> [Work order]:
What you return should match the data word for word, minus the images.

**** Given records

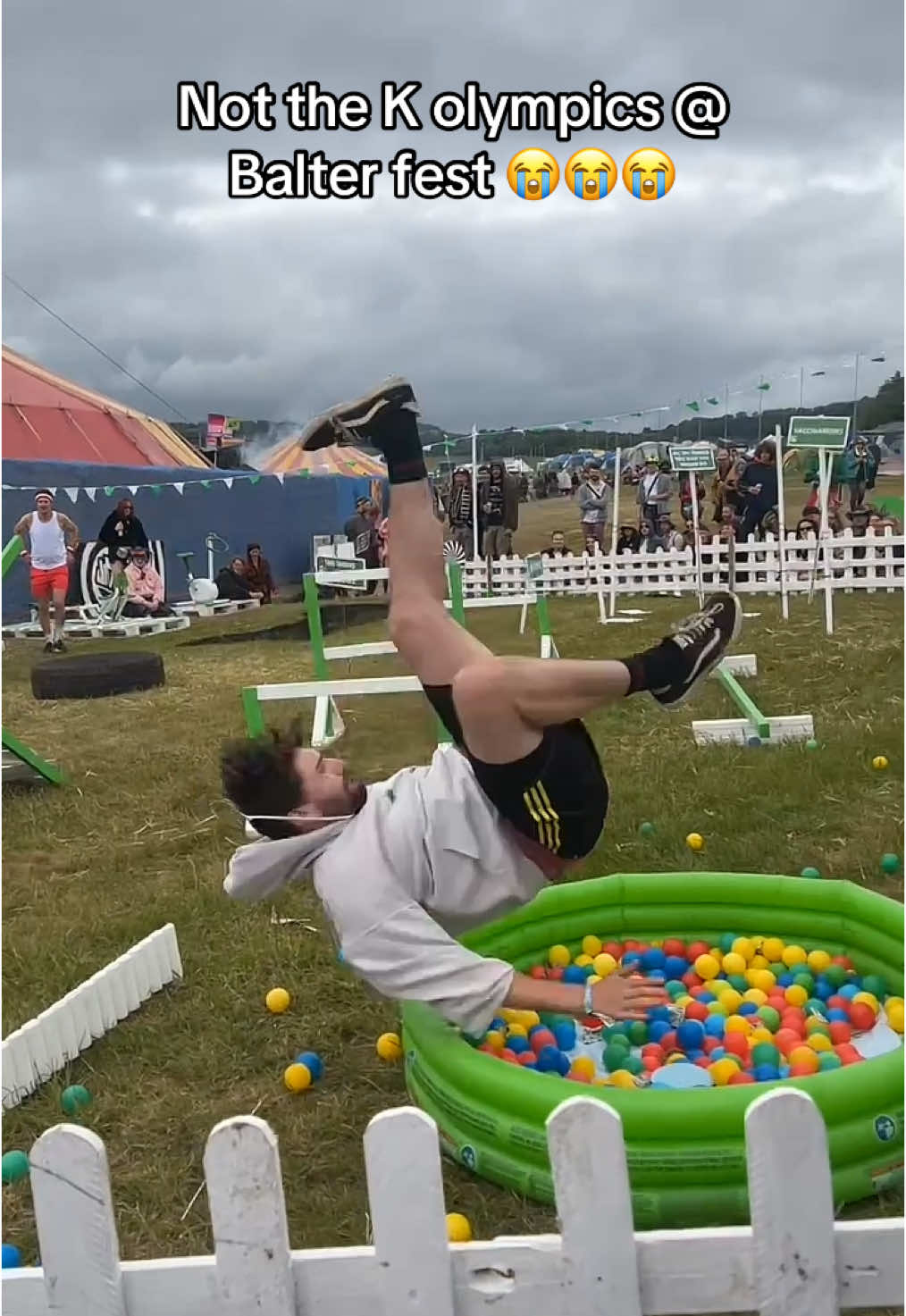 NAH THIS WAS ACTUALLY TOO FUNNY 😭😭😭 what a sidequest 😭😭 #fyp #balter #kolympics #balterfestival #freeparty #dnb #dnbtok #freepartyisnotacrime #junglist #donk #k #putadonkonnit #balter2025 #balterfestival2025 #jungle #lastbalter 
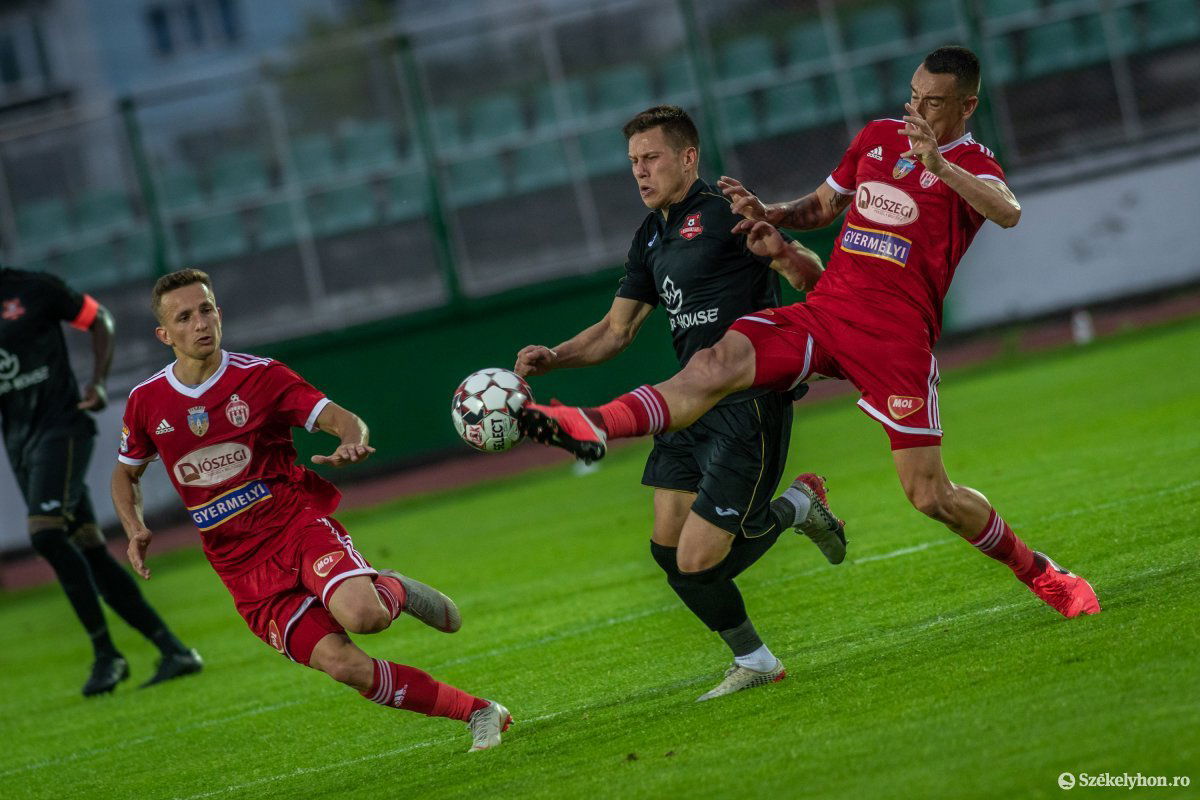 Fülöp Istvánt beválasztották a forduló csapatába •  Fotó: Pinti Attila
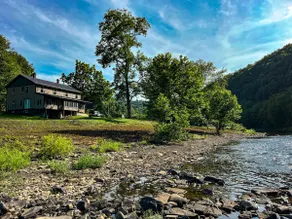 Redbank Retreat • Waterfront • Hot Tub • Fire Pit - Image 3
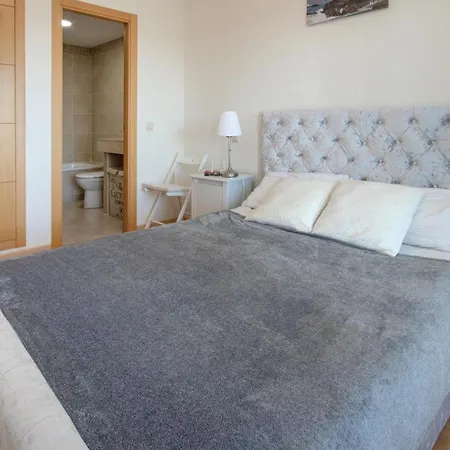 1 Bedroom Awesome In *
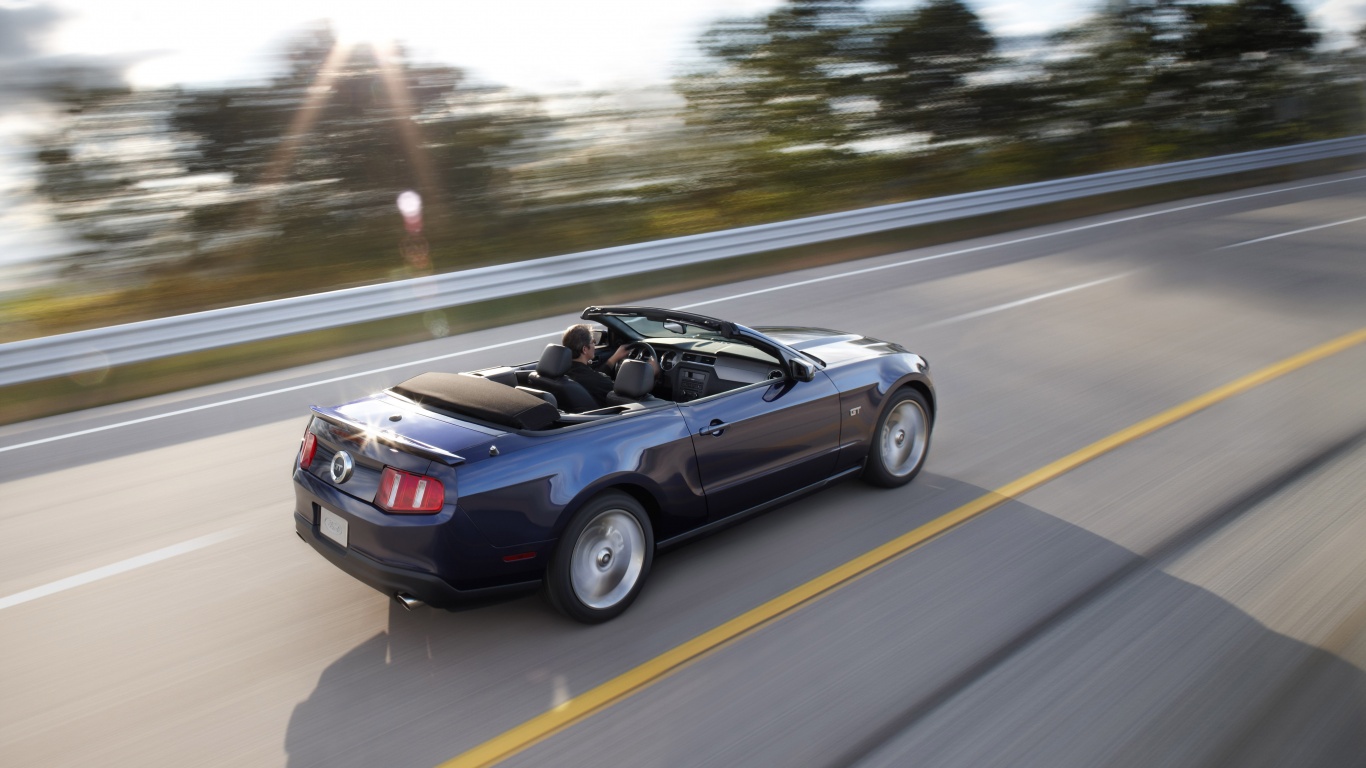 Машина на трассе обои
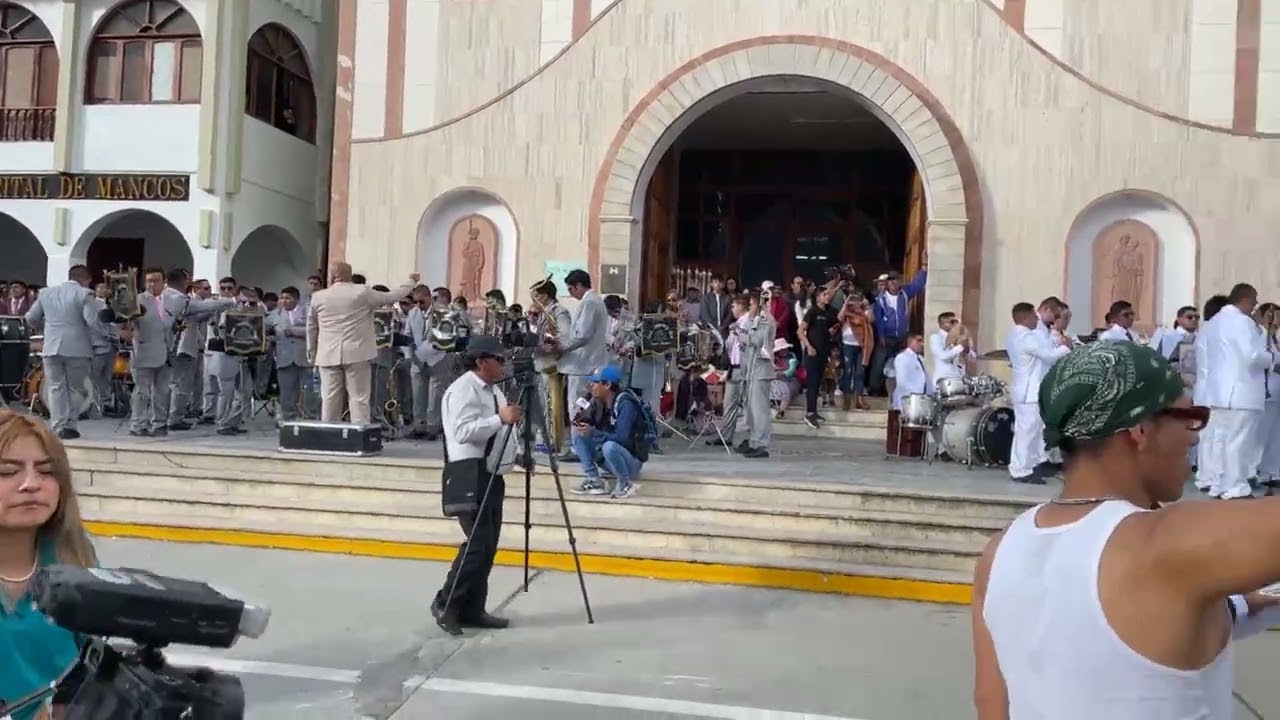 CONCURSO DE BANDAS EN MANCOS PERU ARMONÍA Y CLASE DE TRUJILLO Y FILARMÓNICA STAR OTUZCO HUAYNOS 🎺🎷🇵🇪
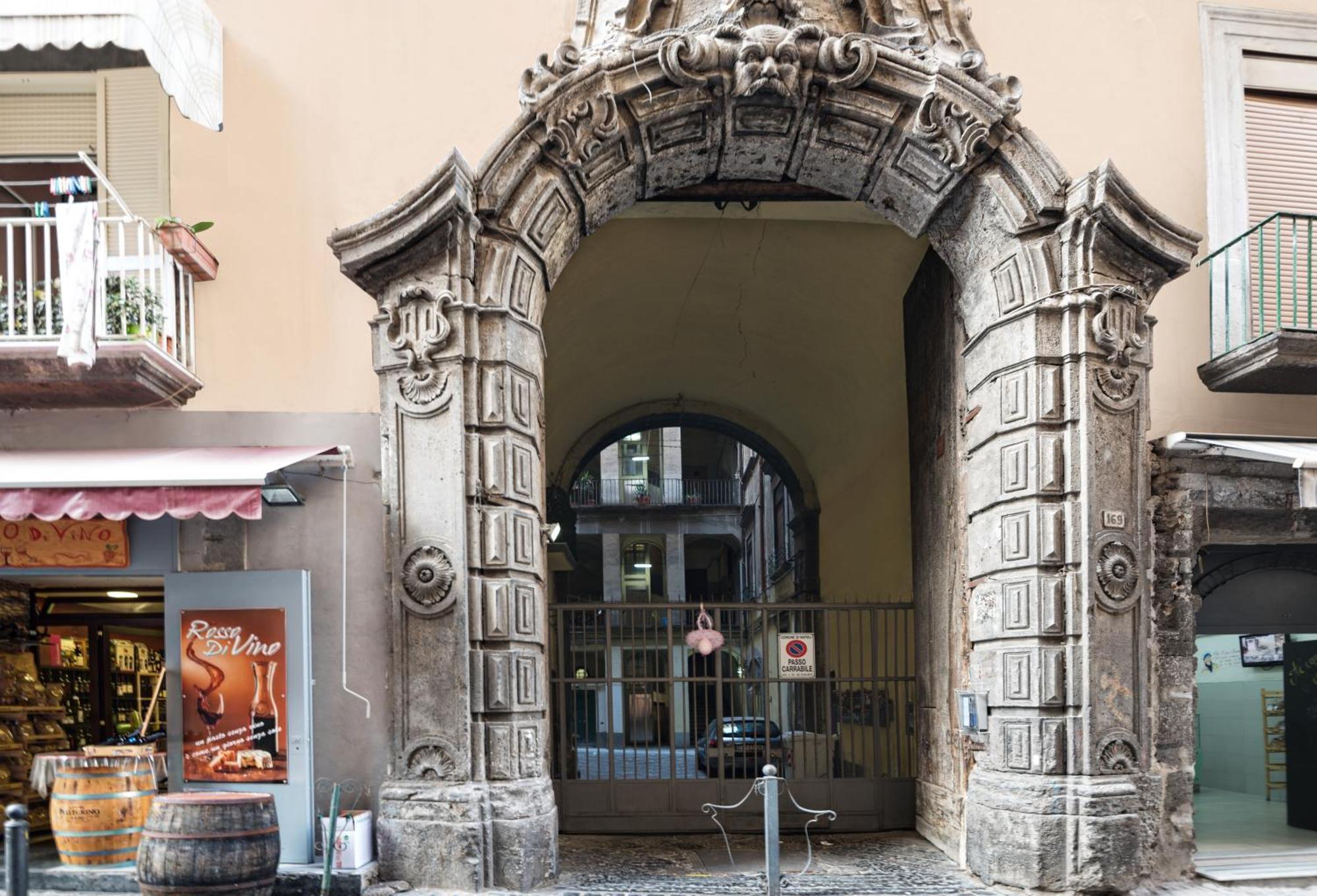 Arthouse Lady Marys Tribunali Luxury Suite Nápoles Exterior foto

********

> [Answer to this exercise]:
 NAH THIS WAS ACTUALLY TOO FUNNY 😭😭😭 what a sidequest 😭😭 #fyp #balter #kolympics #balterfestival #freeparty #dnb #dnbtok #freepartyisnotacrime #junglist #donk #k #putadonkonnit #balter2025 #balterfestival2025 #jungle #lastbalter 
 Fülöp Istvánt beválasztották a forduló csapatába •  Fotó: Pinti Attila
 Redbank Retreat • Waterfront • Hot Tub • Fire Pit - Image 3
 1 Bedroom Awesome In *
 Машина на трассе обои
 CONCURSO DE BANDAS EN MANCOS PERU ARMONÍA Y CLASE DE TRUJILLO Y FILARMÓNICA STAR OTUZCO HUAYNOS 🎺🎷🇵🇪
 Arthouse Lady Marys Tribunali Luxury Suite Nápoles Exterior foto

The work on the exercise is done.